What needs to be done
Every line below between the one holding "Tbd Patton Settlement" and the one holding "EFSA_EU's tweet photo.", inclusive, should be copied exactly, and no other line.

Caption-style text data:
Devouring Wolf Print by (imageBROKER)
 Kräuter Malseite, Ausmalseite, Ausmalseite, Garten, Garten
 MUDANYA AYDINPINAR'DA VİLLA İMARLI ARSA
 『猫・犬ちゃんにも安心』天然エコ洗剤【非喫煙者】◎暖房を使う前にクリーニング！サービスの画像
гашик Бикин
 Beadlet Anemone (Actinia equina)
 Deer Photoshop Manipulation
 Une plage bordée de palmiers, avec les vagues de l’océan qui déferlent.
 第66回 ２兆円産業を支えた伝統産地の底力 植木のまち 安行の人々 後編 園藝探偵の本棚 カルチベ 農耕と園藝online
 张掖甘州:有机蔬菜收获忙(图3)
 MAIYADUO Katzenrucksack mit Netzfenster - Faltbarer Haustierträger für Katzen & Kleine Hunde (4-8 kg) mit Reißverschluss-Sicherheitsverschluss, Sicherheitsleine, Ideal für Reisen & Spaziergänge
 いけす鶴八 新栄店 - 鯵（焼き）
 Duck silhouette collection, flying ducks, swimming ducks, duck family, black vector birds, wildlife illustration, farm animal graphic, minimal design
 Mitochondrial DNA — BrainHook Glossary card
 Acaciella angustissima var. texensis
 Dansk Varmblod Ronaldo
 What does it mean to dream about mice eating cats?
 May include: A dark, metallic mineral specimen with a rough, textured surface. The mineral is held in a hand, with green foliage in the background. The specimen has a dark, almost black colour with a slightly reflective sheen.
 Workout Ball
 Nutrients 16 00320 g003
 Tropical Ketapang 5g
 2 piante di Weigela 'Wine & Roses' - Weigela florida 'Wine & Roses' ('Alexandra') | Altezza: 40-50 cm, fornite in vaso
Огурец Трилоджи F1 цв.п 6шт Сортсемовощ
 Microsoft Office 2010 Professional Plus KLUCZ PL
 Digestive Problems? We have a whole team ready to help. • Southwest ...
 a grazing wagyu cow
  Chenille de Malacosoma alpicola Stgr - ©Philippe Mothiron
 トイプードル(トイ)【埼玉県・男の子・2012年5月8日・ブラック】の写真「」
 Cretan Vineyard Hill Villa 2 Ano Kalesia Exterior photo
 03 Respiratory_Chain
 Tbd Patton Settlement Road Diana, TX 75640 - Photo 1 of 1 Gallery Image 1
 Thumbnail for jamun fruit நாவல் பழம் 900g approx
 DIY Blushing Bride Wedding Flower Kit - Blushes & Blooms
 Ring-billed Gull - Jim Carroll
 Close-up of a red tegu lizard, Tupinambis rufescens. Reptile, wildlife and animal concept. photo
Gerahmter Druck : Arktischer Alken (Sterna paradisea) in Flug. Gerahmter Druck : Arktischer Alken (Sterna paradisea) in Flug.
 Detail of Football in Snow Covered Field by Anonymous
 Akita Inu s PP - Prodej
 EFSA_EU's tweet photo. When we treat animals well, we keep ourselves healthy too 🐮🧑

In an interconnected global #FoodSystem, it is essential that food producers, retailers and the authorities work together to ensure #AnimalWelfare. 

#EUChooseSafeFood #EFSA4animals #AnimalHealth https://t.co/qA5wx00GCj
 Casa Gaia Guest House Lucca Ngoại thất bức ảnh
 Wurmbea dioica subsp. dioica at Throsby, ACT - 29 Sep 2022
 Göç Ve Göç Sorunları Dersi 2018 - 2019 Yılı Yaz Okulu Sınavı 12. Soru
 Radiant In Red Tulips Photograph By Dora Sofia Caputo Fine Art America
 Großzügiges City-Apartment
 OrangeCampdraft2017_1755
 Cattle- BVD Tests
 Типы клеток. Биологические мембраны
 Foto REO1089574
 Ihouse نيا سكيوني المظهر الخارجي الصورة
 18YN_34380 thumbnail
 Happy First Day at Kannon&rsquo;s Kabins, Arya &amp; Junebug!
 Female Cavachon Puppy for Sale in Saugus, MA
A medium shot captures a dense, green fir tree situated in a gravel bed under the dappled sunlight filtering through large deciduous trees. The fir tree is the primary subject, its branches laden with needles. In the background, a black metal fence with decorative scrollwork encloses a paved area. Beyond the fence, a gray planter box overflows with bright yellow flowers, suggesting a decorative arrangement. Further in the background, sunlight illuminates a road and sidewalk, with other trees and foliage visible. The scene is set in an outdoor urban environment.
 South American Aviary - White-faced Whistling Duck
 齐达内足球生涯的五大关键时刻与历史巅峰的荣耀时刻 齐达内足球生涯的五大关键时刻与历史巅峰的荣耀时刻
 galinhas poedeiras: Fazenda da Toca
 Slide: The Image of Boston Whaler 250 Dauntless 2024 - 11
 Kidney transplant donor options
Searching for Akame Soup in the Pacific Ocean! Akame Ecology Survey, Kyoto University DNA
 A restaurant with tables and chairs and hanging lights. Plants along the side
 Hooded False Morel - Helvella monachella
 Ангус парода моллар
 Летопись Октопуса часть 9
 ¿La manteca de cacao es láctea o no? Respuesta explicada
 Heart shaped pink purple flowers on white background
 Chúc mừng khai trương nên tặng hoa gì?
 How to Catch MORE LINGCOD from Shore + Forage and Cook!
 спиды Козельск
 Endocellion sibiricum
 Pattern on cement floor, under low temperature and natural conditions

Task answer
 Tbd Patton Settlement Road Diana, TX 75640 - Photo 1 of 1 Gallery Image 1
 Thumbnail for jamun fruit நாவல் பழம் 900g approx
 DIY Blushing Bride Wedding Flower Kit - Blushes & Blooms
 Ring-billed Gull - Jim Carroll
 Close-up of a red tegu lizard, Tupinambis rufescens. Reptile, wildlife and animal concept. photo
Gerahmter Druck : Arktischer Alken (Sterna paradisea) in Flug. Gerahmter Druck : Arktischer Alken (Sterna paradisea) in Flug.
 Detail of Football in Snow Covered Field by Anonymous
 Akita Inu s PP - Prodej
 EFSA_EU's tweet photo. When we treat animals well, we keep ourselves healthy too 🐮🧑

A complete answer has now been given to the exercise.